Swelling-ViT: Rethink Data-Efficient Vision Transformer from Locality.

Chuanrui Hu, Bin Chen, Xin Feng, Fudong Nian, Teng Li

Published: 06 Nov 2024, Last Modified: 22 Jan 2026OpenReview Archive Direct UploadEveryoneCC BY 4.0

Abstract: In the domain of computer vision, Transformers have shown great promise, yet they face difficulties when trained from scratch on small datasets, often underperforming compared to convolutional neural networks (ConvNets). Our work highlights Vision Transformers (ViTs) experience a challenge with unfocused attention when trained on limited datasets. This insight has catalyzed the development of our Swelling ViT framework, an adaptive training strategy that initializes ViT with a local attention window, allowing it to expand gradually during training. This innovative approach enables the model to more easily learn local features thereby mitigating the attention dispersion phenomenon. Our empirical evaluation on the Cifar100 dataset with Swelling ViT-B has yielded remarkable results, achieving an accuracy of 82.60% after 300 epochs from scratch and further improving to 83.31% with 900 epochs of training. These outcomes not only signify a state-of-the-art performance but also underscore the Swelling ViT’s capability to effectively address the attention dispersion issue, particularly on small datasets.

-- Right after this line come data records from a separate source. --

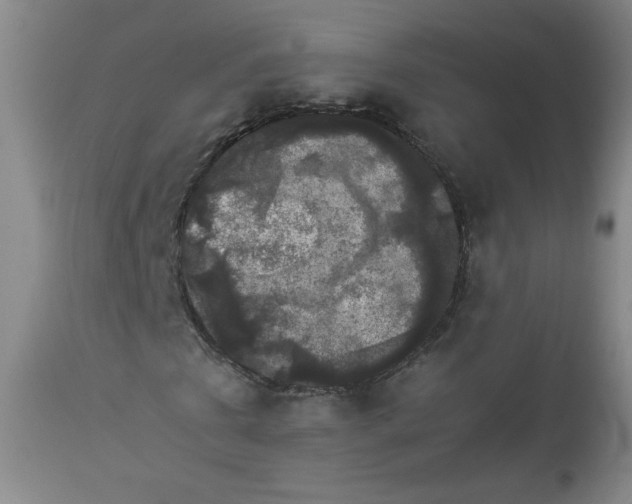 X0000112850769200909041529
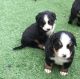 Bernese Mountain Dog Puppies for sale in Bloomfield Ave, Bloomfield, CT 06002, USA. price: $600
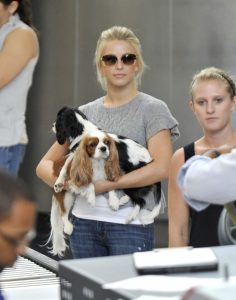 julianne hough with dogs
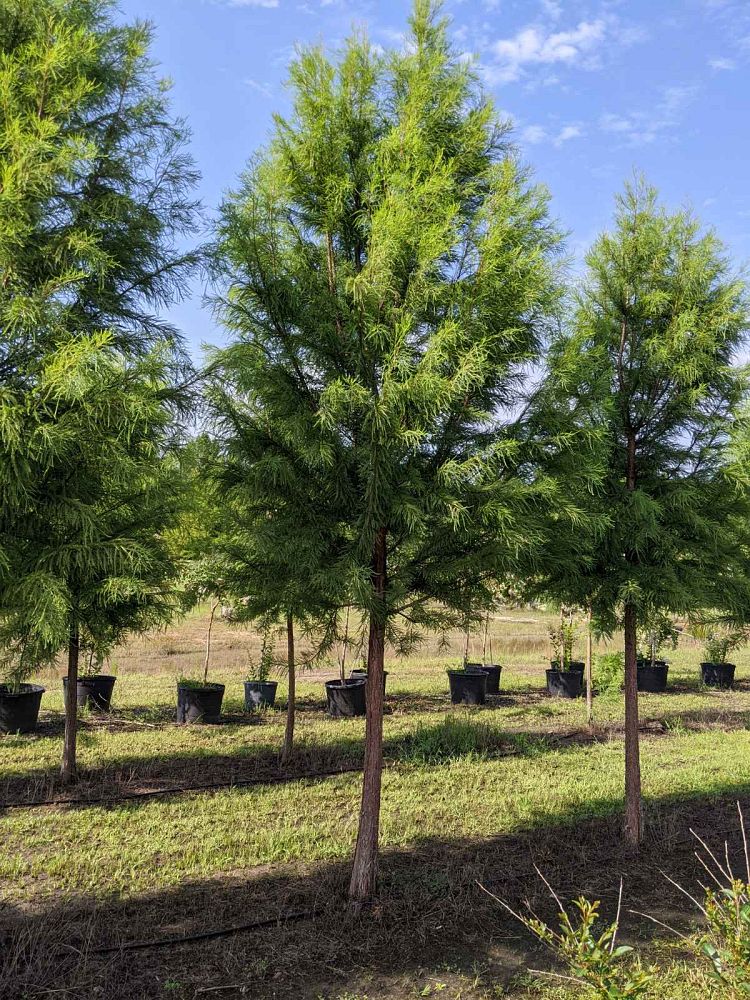 taxodium-distichum-mickelson-bald-cypress-shawnee-brave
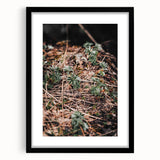 Rustic Wall Art - Green Seedlings in Nature for Farmhouse Nature Decor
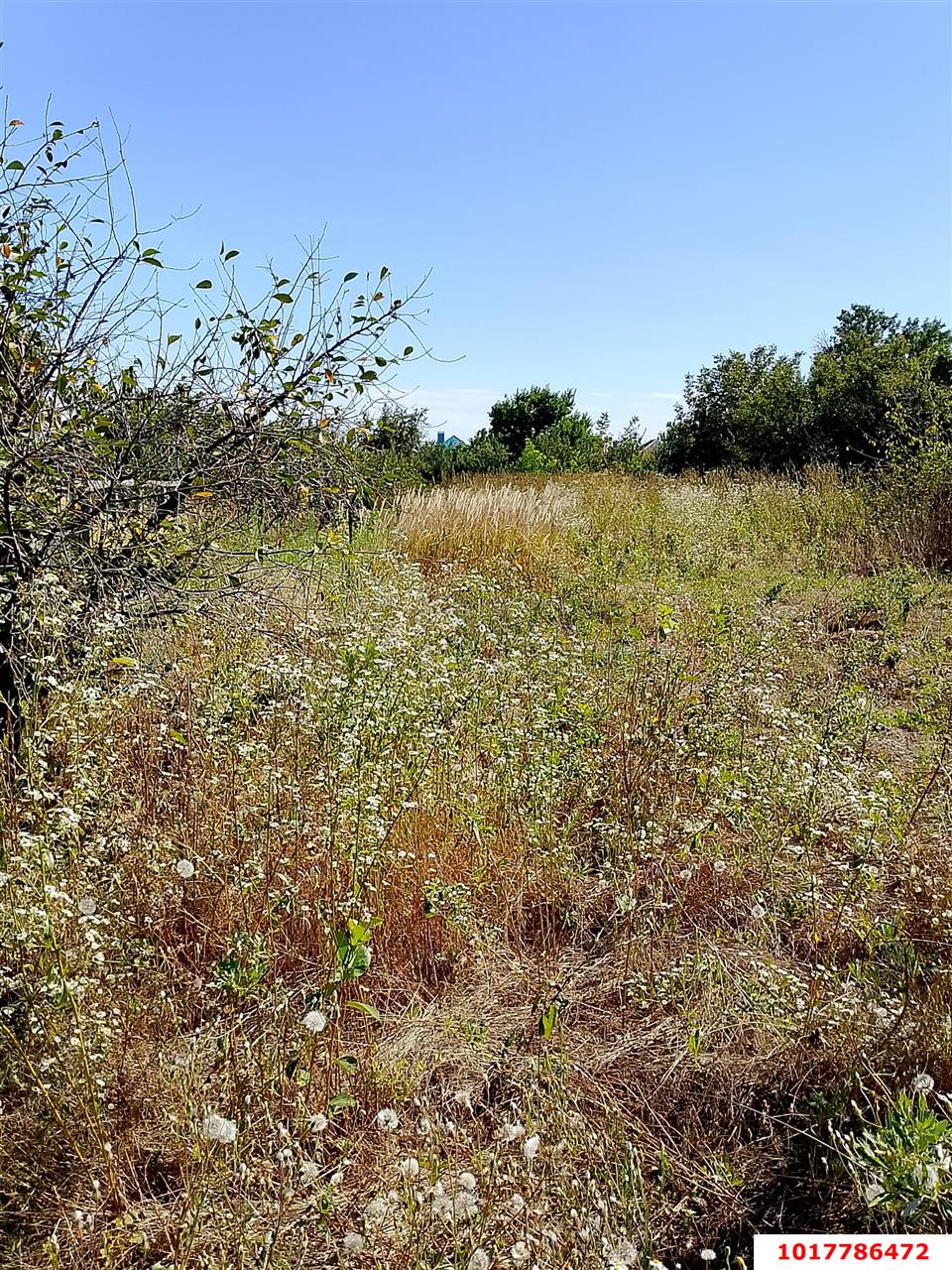 Фото №7: Дом <span class="whitespace-nowrap">71 м²</span> <span class="whitespace-nowrap">+ 15.3 сот.</span>, <span class="whitespace-nowrap">1 эт.</span> - Марьянская, ул. Краснодарская, 128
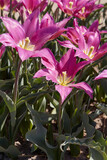 Fototapeta Sypialnia - Tulip Maytime, purple flowers and field in spring sunlight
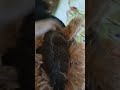 Рошавото ми куче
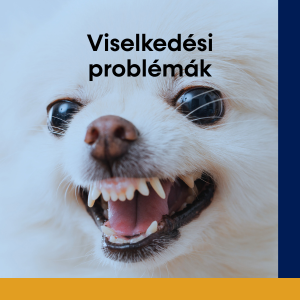 Viselkedési problémák
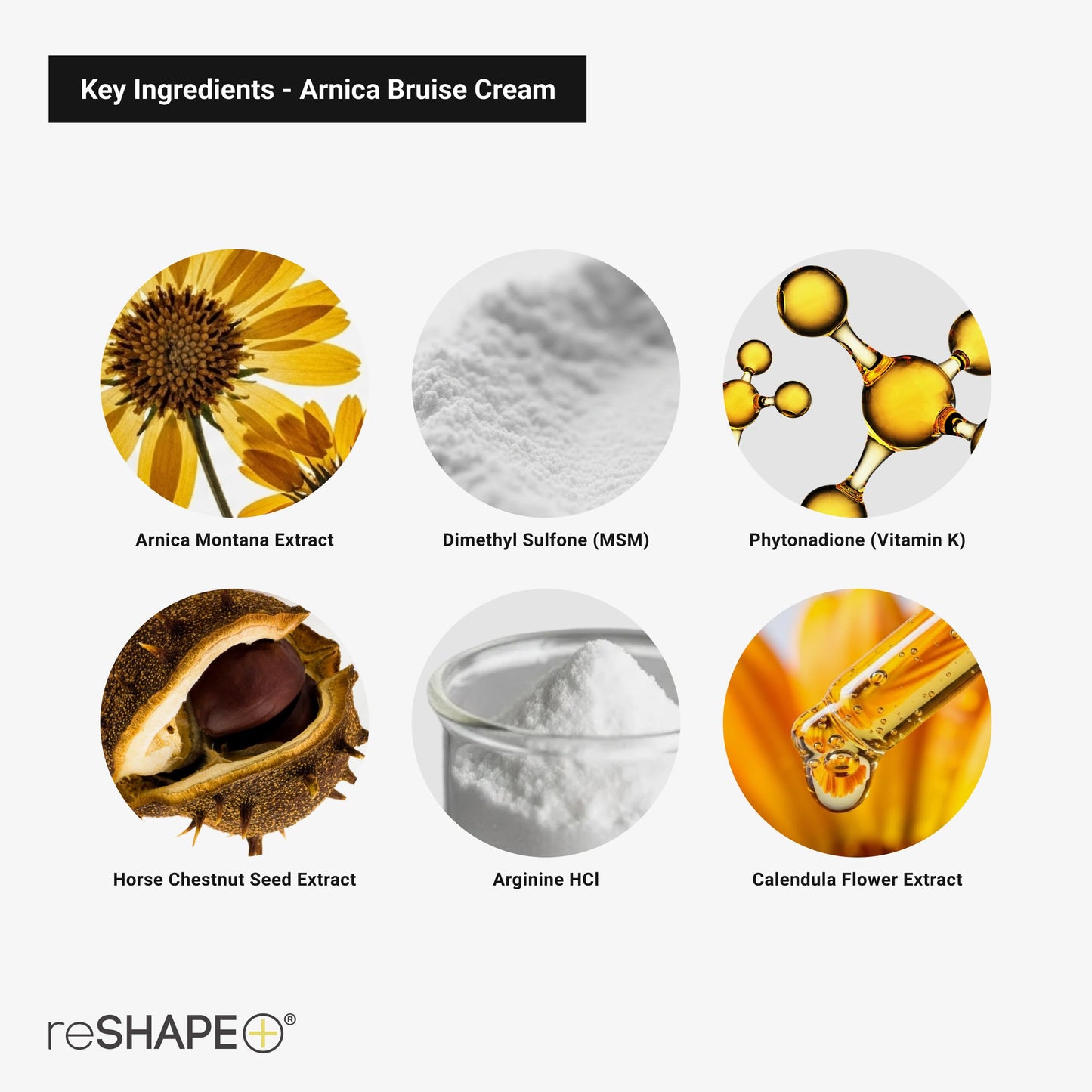 Reshape+ Arnica Bruise Relief Topical Cream For Bruising, Swelling, & Discoloration On Skin, Natural Skin Care Homeopathic Arnica Lotion W/Vitamin K, Horse Chestnut, & Collagen, Large 8 Fl Oz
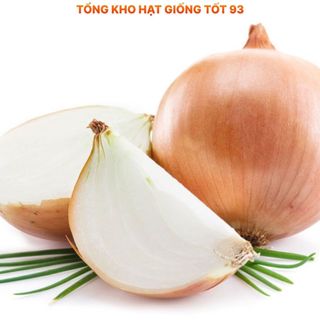 Hạt giống củ Hành Tây củ to hàng công ty Loại 1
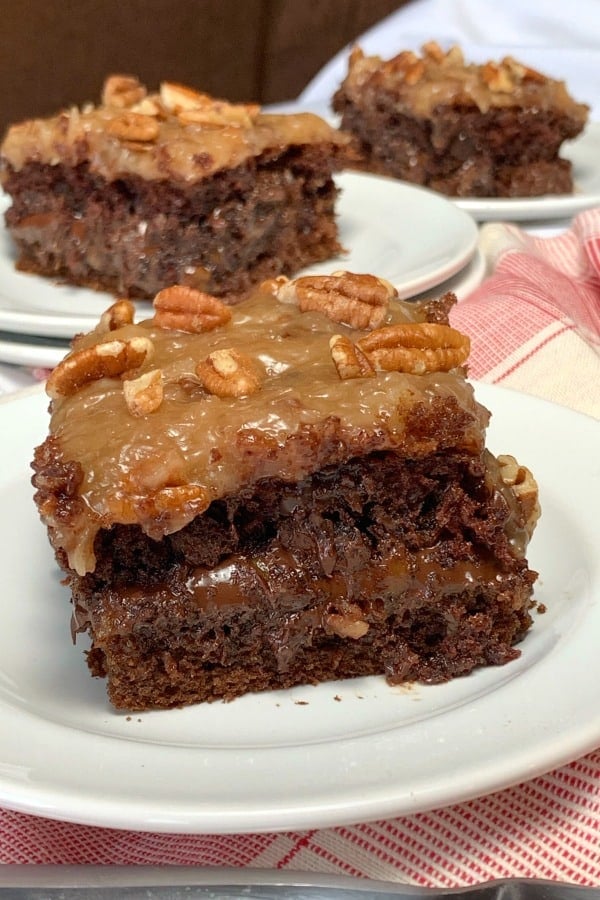 turtle cake recipe with cake mix
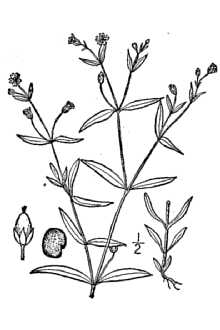 <i>Stellaria borealis</i> Bigelow var. isophylla Fernald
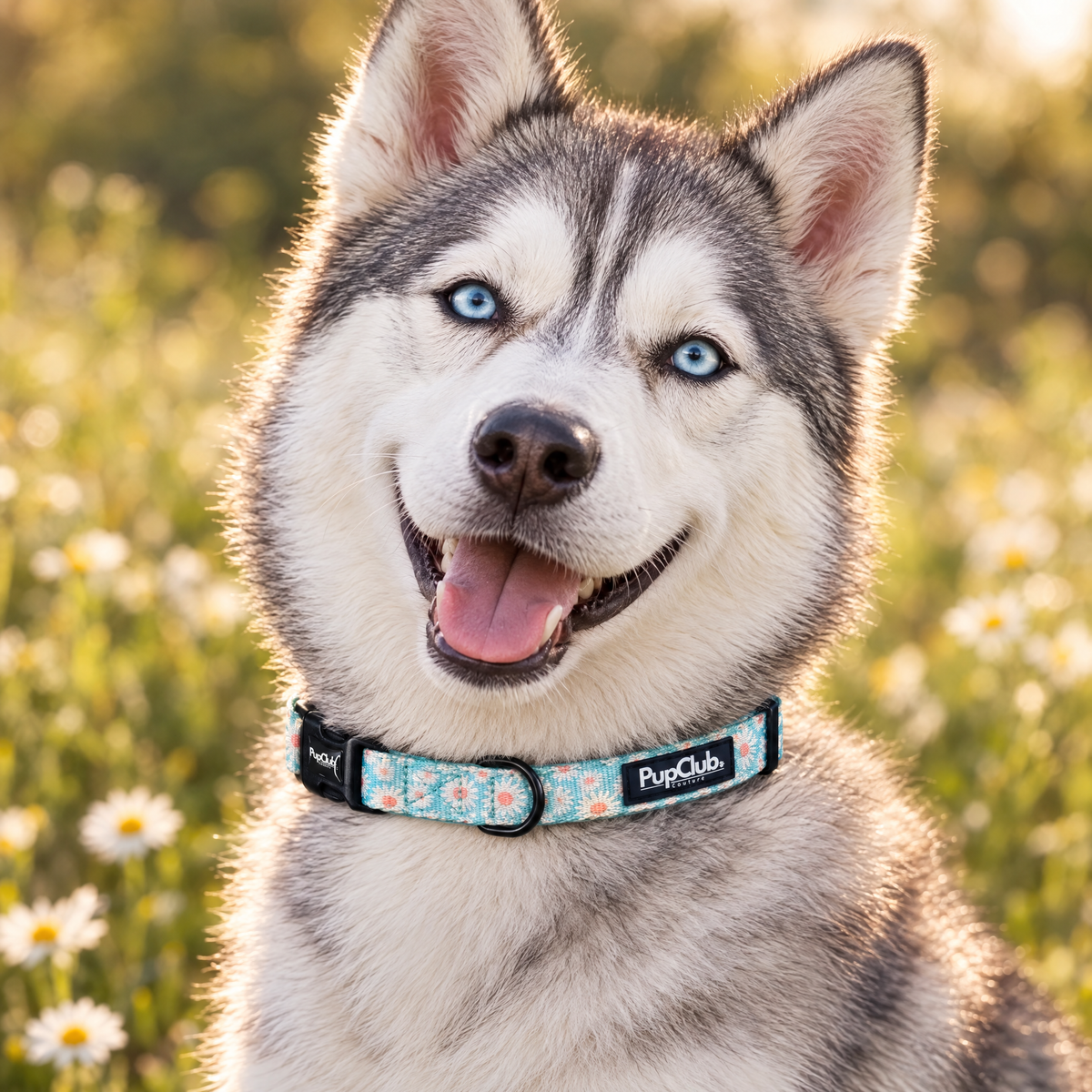 Close-up of The Pastel Daisy Dog Collar by PupClub Couture on a Siberian Husky, showing the buckle and D-ring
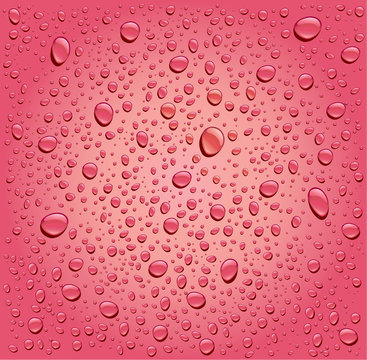 pink rose water droplets background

Moreover, the robustness of our Swelling ViT is affirmed by its consistent performance on the extensive ImageNet dataset, confirming that the strategy does not compromise effectiveness when scaled to larger data regimes. This work, therefore, not only bridges the gap in data efficiency for ViT models but also introduces a versatile solution that can be readily adapted to various domains, regardless of data availability.